Un vendredi matin, ils se donnent rendez-vous devant la mairie de Noisy-le-Sec. Louise, qui est témoin pour la première fois, porte son col Claudine bleu ciel et une paire de boucles d’oreilles. Elle signe au bas de la feuille que lui tend le maire et le mariage a l’air presque vrai. Les hourras, les « Vive les mariés ! », les applaudissements semblent même sincères.
La petite troupe marche jusqu’au restaurant, La Gazelle d’Agadir, que tient un ami de Wafa et dans lequel il lui est arrivé de travailler comme serveuse. Louise observe les gens, debout, qui gesticulent, qui rient en se donnant de grandes tapes sur l’épaule. Devant le restaurant, les frères de Youssef ont garé une berline noire sur laquelle ils ont accroché des dizaines de rubans en plastique doré.
Le patron du restaurant a mis de la musique. Il ne s’inquiète pas des voisins, il pense au contraire qu’ainsi il se fera connaître, que les gens, en passant dans la rue, regarderont à travers la vitre les tables dressées, qu’ils envieront la gaieté des convives. Louise observe les femmes dont elle remarque surtout les visages larges, les mains épaisses, les hanches imposantes que des ceintures trop serrées mettent en valeur. Elles parlent fort, elles rient, elles s’appellent d’un bout à l’autre de la salle. Elles entourent Wafa qu’on a assise à la table principale et qui, comprend Louise, n’a pas le droit d’en bouger.
On a installé Louise dans le fond de la salle, loin de la vitre qui donne sur la rue, à côté d’un homme que, ce matin, Wafa lui a présenté. « Je t’avais parlé d’Hervé. Il a fait les travaux dans ma chambre de bonne. Il ne travaille pas loin du quartier. » Wafa a fait exprès de l’asseoir à côté de lui. C’est le genre d’homme qu’elle mérite. Le type dont personne ne veut mais que Louise prend, elle, comme elle prend les vieux vêtements, les magazines déjà lus auxquels manquent des pages et même les gaufres entamées par les enfants.
Hervé ne lui plaît pas. Les regards appuyés de Wafa la gênent. Elle déteste cette sensation d’être épiée, prise au piège. Et puis l’homme est si banal. Il a si peu pour plaire. D’abord, il est à peine plus grand que Louise. Des jambes musclées mais courtes et des hanches étroites. Presque pas de cou. Quand il parle, il rentre parfois la tête dans les épaules comme une tortue timide. Louise n’arrête pas de regarder ses mains posées sur la table, des mains de travailleur, des mains de pauvre, de fumeur. Elle a remarqué qu’il lui manquait des dents. Il n’est pas distingué. Il sent le concombre et le vin. La première chose qu’elle pense, c’est qu’elle aurait honte de le présenter à Myriam et à Paul. Ils seraient déçus. Elle est sûre qu’ils penseraient que cet homme n’est pas assez bien pour elle.

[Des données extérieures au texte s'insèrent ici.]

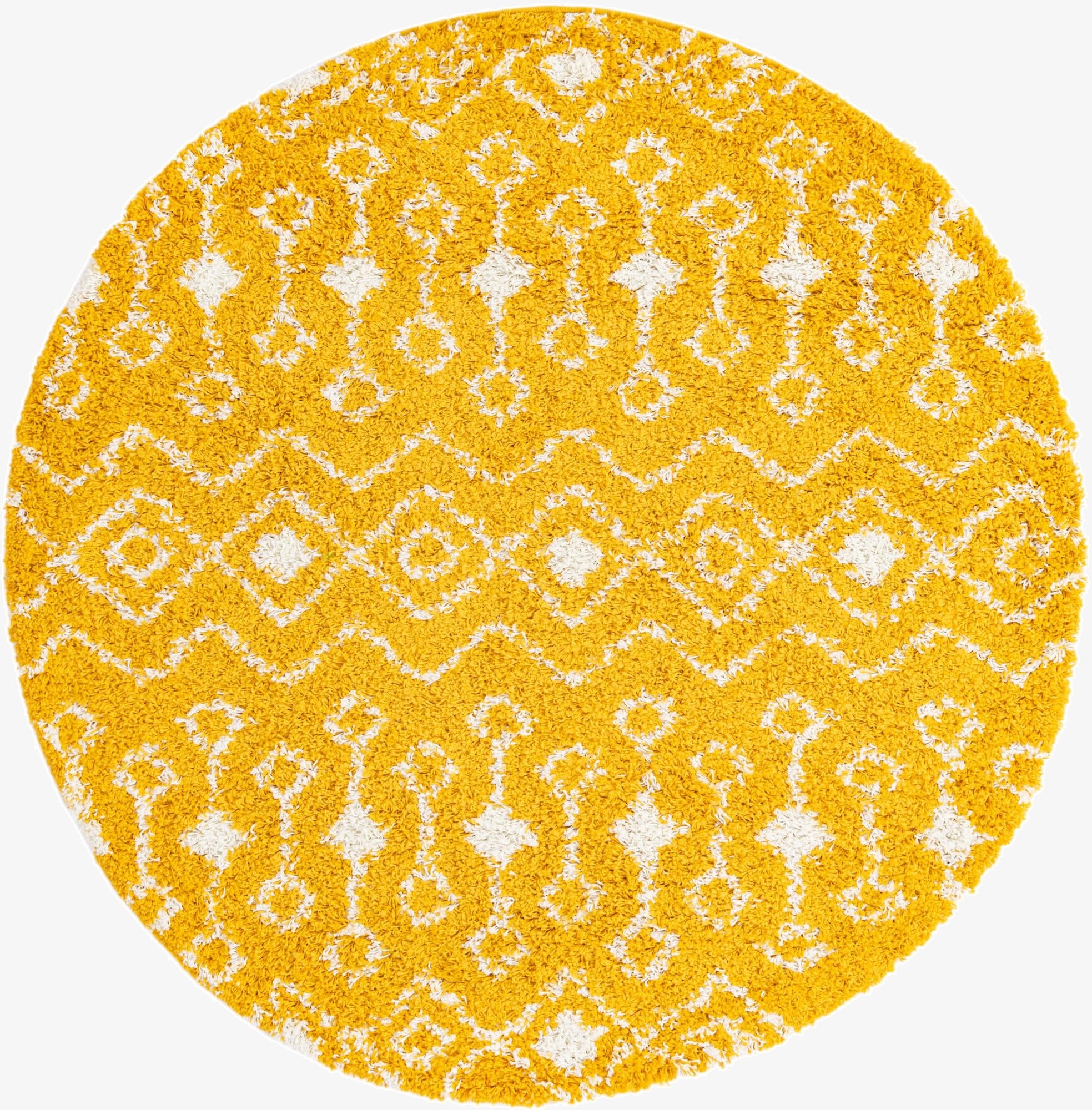  6' x 6' Moroccan Trellis Shag Round Rug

Hervé au contraire dévisage Louise avec l’appétit d’un vieillard pour une jeune fille qui aurait montré un peu d’intérêt. Il la trouve si élégante, si délicate. Il détaille la finesse de son col, la légèreté de ses boucles d’oreilles. Il observe ses mains qu’elle a posées sur ses genoux et qu’elle tord, ses petites mains blanches aux ongles roses, ses mains qui ont l’air de n’avoir pas souffert, de n’avoir pas trimé. Louise le fait penser à ces poupées de porcelaine qu’il a vues, assises sur des étagères, dans les appartements de vieilles où il lui est arrivé de rendre des services ou de faire des travaux. Comme ces jouets, les traits de Louise sont presque fixes, elle a parfois des attitudes figées absolument charmantes. Une manière de regarder dans le vide qui donne à Hervé envie de la rappeler à lui.
Il lui parle de son métier. Chauffeur livreur, mais pas à plein temps. Il rend aussi des services, fait des réparations ou des déménagements. Trois jours par semaine, il fait du gardiennage dans le parking d’une banque, boulevard Haussmann. « Ça me laisse le temps de lire, dit-il. Des polars, mais pas seulement. » Elle ne sait pas quoi répondre quand il lui demande ce qu’elle lit, elle.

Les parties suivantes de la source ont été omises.